Ideally, we would want that to work. Because there is no other race-free
way of registering a notifier.

> If so, the deadlock needs to be
> fixed; if not, the callers need to be fixed, and the restriction
> should be documented.

Fixing the callers is a last resort. I'm thinking of ways to fix the
deadlock itself, and allow the callers to call register_cpu_notifier
within a get/put_online_cpus() block...

Regards,
Srivatsa S. Bhat

2014-01-22 09:21:30

by Srivatsa S. Bhat

[permalink] [raw]
Subject: Re: Deadlock between cpu_hotplug_begin and cpu_add_remove_lock

On 01/22/2014 02:00 PM, Srivatsa S. Bhat wrote:
> Hi Paul,
>
> On 01/22/2014 11:22 AM, Paul Mackerras wrote:
>> This arises out of a report from a tester that offlining a CPU never
>> finished on a system they were testing. This was on a POWER8 running
>> a 3.10.x kernel, but the issue is still present in mainline AFAICS.
>>
>> What I found when I looked at the system was this:
>>
>> * There was a ppc64_cpu process stuck inside cpu_hotplug_begin(),
>> called from _cpu_down(), from cpu_down(). This process was holding
>> the cpu_add_remove_lock mutex, since cpu_down() calls
>> cpu_maps_update_begin() before calling _cpu_down(). It was stuck
>> there because cpu_hotplug.refcount == 1.
>>
>> * There was a mdadm process trying to acquire the cpu_add_remove_lock
>> mutex inside register_cpu_notifier(), called from
>> raid5_alloc_percpu() in drivers/md/raid5.c. That process had
>> previously called get_online_cpus, which is why cpu_hotplug.refcount
>> was 1.
>>
>> Result: deadlock.
>>
>> Thus it seems that the following code is not safe:
>>
>> get_online_cpus();
>> register_cpu_notifier(&...);
>> put_online_cpus();
>>
>
> Yes, this is a known problem, and I had proposed an elaborate solution
> some time ago: https://lkml.org/lkml/2012/3/1/39
> But that won't work for all cases, so that solution is a no-go.
>

Wait a min, that _will_ actually work for all cases because I have provided
an option to invoke _any_ arbitrary function as the "setup" routine.

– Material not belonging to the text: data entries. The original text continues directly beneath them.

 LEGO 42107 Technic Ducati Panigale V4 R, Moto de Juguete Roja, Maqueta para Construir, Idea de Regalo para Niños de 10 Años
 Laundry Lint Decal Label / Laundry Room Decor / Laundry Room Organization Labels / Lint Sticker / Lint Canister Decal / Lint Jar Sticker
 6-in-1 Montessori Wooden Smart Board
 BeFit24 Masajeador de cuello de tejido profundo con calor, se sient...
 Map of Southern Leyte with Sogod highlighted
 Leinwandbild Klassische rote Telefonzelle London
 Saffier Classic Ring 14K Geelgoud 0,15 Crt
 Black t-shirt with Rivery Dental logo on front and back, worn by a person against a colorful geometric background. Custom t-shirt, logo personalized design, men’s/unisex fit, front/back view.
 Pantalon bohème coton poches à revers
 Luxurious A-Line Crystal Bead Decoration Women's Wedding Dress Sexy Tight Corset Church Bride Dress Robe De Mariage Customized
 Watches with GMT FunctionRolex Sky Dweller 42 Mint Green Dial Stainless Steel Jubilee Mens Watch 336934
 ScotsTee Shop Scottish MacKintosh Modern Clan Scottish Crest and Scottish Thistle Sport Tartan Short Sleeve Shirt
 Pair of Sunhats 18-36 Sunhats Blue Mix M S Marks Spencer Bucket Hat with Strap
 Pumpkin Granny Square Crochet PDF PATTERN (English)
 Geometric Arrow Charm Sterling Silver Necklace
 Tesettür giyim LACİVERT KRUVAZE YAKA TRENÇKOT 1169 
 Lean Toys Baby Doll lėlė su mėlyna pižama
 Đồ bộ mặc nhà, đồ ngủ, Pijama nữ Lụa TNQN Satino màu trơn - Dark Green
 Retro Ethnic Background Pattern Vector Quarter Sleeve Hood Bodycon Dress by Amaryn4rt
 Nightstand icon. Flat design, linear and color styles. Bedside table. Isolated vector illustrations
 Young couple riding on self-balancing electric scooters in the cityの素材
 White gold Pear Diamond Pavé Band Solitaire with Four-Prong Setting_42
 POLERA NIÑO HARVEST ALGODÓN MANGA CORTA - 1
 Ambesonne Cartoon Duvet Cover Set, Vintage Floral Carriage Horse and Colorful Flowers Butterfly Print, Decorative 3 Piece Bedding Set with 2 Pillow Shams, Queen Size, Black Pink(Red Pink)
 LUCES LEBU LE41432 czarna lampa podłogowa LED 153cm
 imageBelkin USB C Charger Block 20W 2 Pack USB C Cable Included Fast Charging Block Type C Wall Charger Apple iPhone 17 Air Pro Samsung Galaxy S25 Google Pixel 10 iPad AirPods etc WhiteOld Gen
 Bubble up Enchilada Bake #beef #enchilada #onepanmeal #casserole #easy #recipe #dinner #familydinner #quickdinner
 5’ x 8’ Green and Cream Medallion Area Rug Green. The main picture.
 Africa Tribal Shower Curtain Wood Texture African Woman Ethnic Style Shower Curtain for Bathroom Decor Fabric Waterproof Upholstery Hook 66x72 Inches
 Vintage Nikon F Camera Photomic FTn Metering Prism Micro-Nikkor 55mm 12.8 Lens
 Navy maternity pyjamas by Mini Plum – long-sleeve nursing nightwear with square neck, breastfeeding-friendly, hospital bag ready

So, taking the example of raid5 that you mentioned below, instead of doing
this:

static int raid5_alloc_percpu()
{
...
get_online_cpus();
for_each_present_cpu(cpu) {
...
}
...
register_cpu_notifier();
put_online_cpus();
}

We can do this:

void func()
{
for_each_present_cpu(cpu) {
...
}
...
}

static int raid5_alloc_percpu()
{
...
register_allcpu_notifier(..., true, func);
}


The other, simpler alternative fix is to use cpu_hotplug_disable/enable()
in place of get/put_online_cpus() around the callback registration code.
Something like this:

cpu_hotplug_disable();
register_cpu_notifier();
cpu_hotplug_enable();

But the problem with this is that a hotplug operation that tries to run
concurrently with this will get a -EBUSY, which is kinda undesirable.
Also, this will only synchronize with hotplug operations initiated via
calls to cpu_up/down() (such as those that are initiated by writing to the
online file in sysfs). It won't synchronize with the hotplug operations
invoked by disable/enable_nonboot_cpus(), which by-pass cpu_up/down() and
directly call _cpu_up/down() by ignoring the cpu_hotplug_disabled flag.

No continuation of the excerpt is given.